(Records drawn from a dataset)

*** Block opens ***

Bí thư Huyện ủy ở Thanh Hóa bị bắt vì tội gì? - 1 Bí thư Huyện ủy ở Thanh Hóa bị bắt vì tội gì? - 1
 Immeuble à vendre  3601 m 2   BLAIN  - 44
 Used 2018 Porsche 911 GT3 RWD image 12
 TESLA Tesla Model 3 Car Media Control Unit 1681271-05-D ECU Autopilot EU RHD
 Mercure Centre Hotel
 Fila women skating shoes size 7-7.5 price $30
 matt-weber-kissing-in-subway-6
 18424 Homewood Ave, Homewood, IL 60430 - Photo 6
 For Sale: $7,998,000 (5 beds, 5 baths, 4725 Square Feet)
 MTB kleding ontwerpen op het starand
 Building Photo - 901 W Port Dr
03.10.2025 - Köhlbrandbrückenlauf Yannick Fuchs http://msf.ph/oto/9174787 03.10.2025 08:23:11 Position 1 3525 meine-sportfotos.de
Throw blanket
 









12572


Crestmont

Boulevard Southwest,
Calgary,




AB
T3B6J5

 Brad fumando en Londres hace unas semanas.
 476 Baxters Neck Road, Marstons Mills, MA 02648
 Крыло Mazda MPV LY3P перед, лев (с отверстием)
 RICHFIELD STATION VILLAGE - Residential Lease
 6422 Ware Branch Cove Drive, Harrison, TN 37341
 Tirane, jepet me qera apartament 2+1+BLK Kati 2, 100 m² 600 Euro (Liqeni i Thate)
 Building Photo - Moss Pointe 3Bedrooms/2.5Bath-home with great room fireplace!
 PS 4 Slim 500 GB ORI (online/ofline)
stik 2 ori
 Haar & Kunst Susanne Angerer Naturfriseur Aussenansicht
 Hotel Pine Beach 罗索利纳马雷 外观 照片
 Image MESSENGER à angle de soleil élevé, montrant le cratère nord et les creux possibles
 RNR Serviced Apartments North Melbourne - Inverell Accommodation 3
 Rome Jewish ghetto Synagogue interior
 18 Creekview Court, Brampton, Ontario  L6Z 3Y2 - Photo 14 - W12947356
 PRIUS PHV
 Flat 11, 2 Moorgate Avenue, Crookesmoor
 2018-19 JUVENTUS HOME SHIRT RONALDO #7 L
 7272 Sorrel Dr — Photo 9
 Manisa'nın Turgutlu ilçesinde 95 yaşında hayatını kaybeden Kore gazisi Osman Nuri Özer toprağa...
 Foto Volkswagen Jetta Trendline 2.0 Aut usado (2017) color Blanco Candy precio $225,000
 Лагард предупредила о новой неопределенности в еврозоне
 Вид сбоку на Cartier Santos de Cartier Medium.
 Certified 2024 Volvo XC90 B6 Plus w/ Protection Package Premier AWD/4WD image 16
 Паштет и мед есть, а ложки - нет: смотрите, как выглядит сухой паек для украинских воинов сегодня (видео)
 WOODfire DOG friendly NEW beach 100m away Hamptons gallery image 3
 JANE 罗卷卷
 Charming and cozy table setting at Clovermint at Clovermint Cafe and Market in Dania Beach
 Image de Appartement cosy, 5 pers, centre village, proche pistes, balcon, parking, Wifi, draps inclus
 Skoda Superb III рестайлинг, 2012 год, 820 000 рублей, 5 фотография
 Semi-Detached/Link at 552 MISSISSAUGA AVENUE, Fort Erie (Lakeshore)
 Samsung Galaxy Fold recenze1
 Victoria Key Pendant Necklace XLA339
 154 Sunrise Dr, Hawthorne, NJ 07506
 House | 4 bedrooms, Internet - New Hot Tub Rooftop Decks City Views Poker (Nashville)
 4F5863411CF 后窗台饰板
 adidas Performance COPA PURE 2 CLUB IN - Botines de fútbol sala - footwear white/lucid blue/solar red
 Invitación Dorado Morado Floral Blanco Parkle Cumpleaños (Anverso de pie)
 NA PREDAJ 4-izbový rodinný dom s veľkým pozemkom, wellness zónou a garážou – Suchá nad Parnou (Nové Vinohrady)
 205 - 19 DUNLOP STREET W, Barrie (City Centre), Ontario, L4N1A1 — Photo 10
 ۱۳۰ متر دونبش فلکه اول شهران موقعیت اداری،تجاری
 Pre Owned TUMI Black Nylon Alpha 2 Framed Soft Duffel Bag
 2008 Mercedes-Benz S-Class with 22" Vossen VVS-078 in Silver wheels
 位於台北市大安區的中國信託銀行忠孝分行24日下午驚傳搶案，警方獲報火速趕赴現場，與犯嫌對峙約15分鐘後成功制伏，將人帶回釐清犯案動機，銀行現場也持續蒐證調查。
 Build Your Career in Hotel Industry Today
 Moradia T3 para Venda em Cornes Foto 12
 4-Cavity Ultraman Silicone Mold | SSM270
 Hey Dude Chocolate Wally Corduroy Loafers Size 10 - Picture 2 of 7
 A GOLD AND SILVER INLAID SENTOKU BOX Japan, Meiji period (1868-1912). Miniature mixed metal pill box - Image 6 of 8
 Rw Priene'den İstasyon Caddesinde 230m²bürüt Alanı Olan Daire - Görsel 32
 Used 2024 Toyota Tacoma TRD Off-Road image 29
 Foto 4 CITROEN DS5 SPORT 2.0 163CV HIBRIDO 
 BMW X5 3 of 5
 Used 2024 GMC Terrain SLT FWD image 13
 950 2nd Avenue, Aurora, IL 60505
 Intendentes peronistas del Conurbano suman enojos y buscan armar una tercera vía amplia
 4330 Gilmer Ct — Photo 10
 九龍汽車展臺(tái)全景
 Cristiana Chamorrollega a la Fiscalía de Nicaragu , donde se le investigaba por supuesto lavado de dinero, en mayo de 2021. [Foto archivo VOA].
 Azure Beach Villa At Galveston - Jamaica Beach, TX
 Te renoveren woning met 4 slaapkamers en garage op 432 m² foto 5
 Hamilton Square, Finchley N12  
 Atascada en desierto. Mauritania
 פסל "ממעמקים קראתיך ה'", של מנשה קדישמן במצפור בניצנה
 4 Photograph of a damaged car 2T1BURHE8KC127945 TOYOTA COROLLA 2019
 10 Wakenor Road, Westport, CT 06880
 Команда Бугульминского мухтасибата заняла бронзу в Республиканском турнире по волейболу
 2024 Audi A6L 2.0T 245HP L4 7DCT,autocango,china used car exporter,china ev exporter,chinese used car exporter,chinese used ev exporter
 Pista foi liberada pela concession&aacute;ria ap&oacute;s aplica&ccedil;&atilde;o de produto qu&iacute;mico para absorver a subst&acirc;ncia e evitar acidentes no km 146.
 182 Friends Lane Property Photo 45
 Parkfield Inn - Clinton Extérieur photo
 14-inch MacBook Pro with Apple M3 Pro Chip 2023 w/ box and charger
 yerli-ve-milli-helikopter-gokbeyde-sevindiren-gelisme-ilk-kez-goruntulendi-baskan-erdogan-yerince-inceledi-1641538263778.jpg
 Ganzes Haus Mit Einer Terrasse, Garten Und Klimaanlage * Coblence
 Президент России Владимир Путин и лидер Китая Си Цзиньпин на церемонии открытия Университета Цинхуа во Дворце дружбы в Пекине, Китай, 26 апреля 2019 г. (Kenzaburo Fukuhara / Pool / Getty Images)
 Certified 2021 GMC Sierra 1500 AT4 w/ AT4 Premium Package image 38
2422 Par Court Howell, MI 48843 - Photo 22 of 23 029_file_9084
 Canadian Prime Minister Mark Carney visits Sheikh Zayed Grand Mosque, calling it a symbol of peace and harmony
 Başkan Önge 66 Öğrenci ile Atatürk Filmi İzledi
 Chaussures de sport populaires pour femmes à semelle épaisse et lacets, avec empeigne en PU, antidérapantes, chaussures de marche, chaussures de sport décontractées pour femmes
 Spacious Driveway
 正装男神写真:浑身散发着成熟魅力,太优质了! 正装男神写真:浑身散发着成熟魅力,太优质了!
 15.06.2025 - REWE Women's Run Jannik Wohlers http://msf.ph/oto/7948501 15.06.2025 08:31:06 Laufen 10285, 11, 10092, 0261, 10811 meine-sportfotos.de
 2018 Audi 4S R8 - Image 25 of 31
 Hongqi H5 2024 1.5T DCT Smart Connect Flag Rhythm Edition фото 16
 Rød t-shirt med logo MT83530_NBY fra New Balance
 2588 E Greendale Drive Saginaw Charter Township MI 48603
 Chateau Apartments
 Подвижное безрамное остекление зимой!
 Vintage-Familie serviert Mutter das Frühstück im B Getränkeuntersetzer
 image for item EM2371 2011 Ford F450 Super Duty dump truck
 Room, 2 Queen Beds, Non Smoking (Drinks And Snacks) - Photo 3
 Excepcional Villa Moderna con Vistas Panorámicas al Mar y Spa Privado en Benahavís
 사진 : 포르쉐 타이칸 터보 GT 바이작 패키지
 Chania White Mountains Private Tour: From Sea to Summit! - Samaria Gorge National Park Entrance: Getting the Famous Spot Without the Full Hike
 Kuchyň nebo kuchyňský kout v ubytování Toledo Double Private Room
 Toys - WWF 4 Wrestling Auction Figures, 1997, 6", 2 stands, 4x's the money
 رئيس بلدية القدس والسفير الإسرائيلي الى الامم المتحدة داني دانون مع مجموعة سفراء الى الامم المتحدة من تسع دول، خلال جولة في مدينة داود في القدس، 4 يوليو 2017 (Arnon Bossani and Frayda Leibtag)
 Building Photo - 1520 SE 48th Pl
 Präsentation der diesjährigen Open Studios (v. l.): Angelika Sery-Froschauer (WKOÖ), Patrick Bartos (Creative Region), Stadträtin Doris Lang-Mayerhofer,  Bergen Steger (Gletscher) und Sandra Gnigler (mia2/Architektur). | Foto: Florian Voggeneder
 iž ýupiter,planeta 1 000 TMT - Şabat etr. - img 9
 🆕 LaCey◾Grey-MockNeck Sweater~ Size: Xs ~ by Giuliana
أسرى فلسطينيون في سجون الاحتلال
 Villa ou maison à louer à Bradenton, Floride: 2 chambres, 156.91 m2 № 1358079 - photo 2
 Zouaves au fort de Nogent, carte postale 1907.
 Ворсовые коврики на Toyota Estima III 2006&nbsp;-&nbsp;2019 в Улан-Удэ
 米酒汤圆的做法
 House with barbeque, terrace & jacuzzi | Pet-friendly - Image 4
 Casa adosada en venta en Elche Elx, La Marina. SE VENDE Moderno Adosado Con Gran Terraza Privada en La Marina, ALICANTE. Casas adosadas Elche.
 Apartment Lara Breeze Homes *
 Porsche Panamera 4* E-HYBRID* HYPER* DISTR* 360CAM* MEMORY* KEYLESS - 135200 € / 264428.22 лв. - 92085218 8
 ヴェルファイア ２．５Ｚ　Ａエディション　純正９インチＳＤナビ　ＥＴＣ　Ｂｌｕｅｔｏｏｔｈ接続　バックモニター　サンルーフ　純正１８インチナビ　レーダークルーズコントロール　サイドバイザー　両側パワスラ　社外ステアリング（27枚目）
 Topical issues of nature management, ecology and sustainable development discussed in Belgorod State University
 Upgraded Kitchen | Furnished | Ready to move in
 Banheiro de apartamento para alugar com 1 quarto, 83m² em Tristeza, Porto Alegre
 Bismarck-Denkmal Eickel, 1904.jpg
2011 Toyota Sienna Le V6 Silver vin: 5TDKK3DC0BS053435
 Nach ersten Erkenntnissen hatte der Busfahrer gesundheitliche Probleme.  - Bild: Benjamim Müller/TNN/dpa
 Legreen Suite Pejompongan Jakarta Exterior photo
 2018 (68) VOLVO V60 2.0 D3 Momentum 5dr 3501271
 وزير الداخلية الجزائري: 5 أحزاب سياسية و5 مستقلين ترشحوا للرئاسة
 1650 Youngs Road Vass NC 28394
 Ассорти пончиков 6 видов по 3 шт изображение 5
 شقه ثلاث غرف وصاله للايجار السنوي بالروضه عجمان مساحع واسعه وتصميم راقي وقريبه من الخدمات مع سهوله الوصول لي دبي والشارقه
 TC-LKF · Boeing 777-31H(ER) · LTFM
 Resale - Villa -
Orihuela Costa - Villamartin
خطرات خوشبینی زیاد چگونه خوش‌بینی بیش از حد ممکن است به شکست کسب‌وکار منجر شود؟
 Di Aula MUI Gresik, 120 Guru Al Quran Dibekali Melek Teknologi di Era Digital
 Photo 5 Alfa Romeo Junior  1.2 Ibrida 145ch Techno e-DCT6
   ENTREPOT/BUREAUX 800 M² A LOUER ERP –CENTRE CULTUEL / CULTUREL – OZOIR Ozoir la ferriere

*** Block closes ***

| Try it |
Only one number is needed: please count the lines of the entries above in which the string "City" occurs.

| Output of the exercise |
2